A document released recently by the Pharmaceutical Care Management Association (PCMA) is a distorted re-hashing of a few, months-old news articles into what it calls a ‘report.’ It calls to mind a cardinal rule of the political campaign season that is now well-underway: when you’re losing a debate, try to change the subject.
In recent years, we have seen prescription drug costs rise, insurance premiums and patient copayments increase, higher PBM profits and diminished patient choice—while reimbursement to pharmacy small business owners for providing prescription drug services continues to decline. The common-sense question that PBMs want to avoid is: Where’s the money going?
The bipartisan pharmacy audit fairness legislation NCPA supports, H.R. 4215, is based on a straightforward principle: When a pharmacist dispenses the right medication to the right patient at the right time, as prescribed by a doctor, it should not be a punishable offense. That’s why more than 20 states have enacted pharmacy audit fairness legislation. These bills allow for audits against true fraud and abuse. What they deter are abusive audit practices that appear intended primarily to generate revenue for the middleman.

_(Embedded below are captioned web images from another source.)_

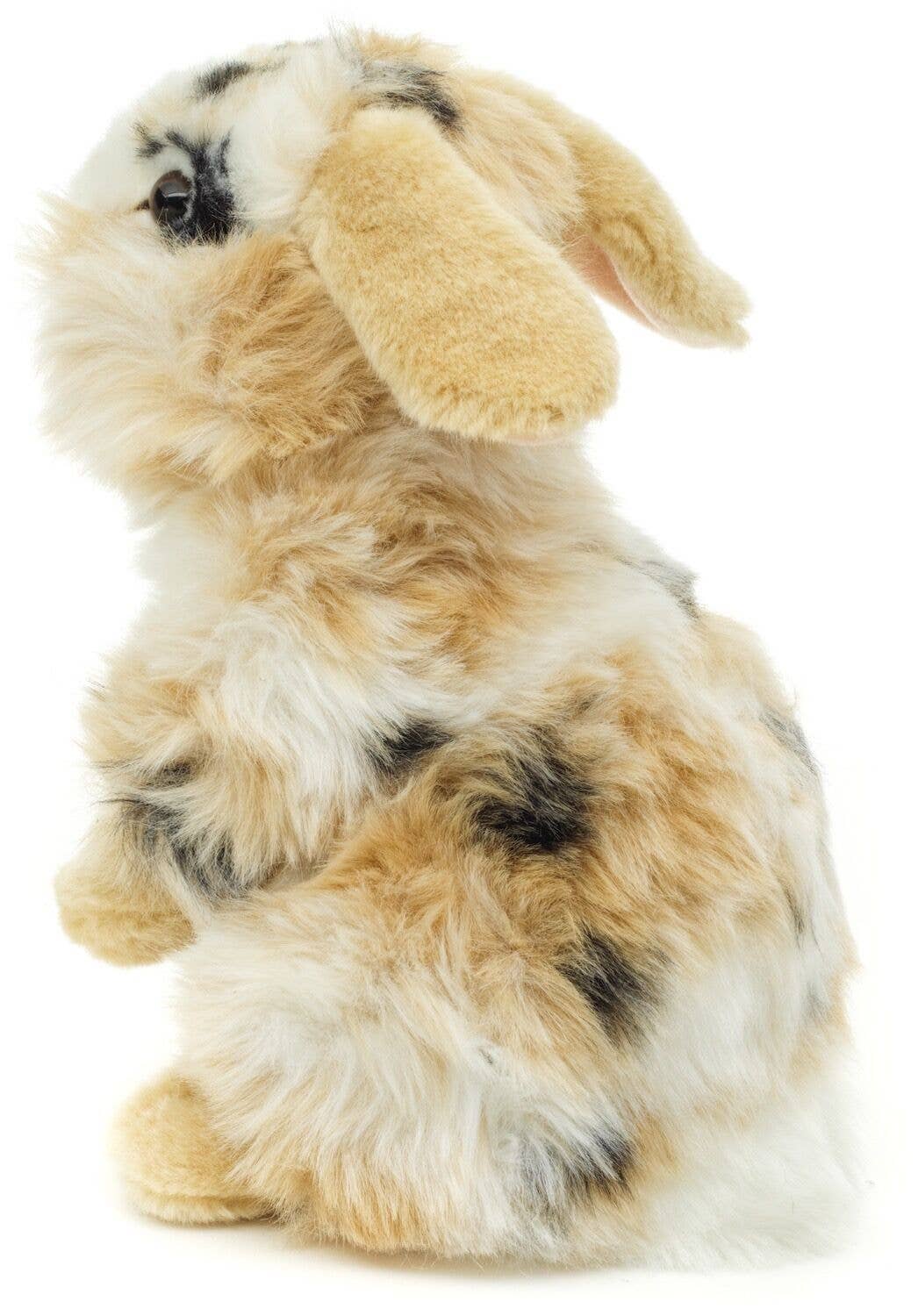Uni Toys - Wholesale Stuffed/Plush Toy - Kids & Baby - Lionhead rabbit, st. (s/b/w) - 23 cm - cuddly/plush toy2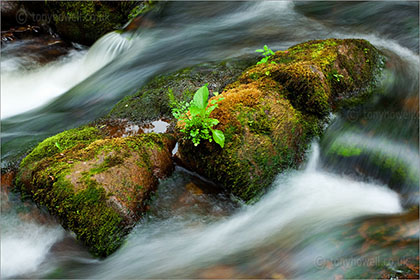 Watersmeet, Exmoor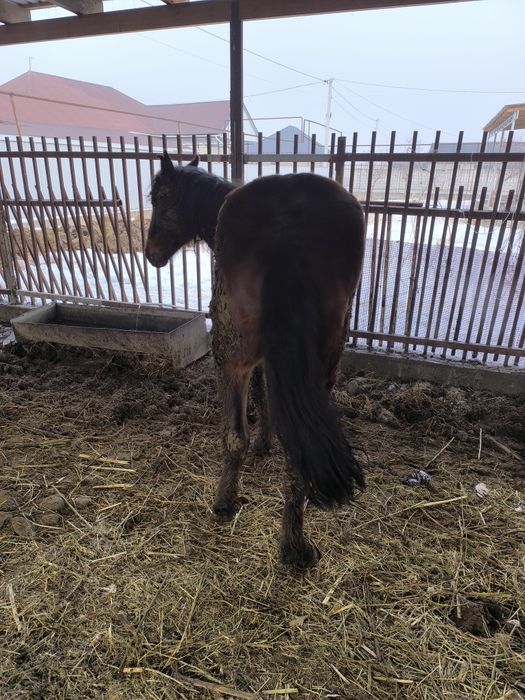 Екі жасар,семіз байтал сатылады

For the PBM lobby to criticize independent community pharmacies for what PBMs claim are ‘opaque business practices and pricing strategies’ is the height of hypocrisy, akin to the pot calling the kettle black. PBMs spend vast resources intended to thwart any meaningful regulation and oversight of a secretive business model that has enabled them to mushroom from simple claims administrators to billion-dollar middlemen.
Perhaps most shocking is how the report attacks Members of Congress for supporting their local neighborhood pharmacies. We know that the PBMs have a tin ear when it comes to fair business practices in dealing with pharmacies. We did not know that it extended to dealing with Members of Congress.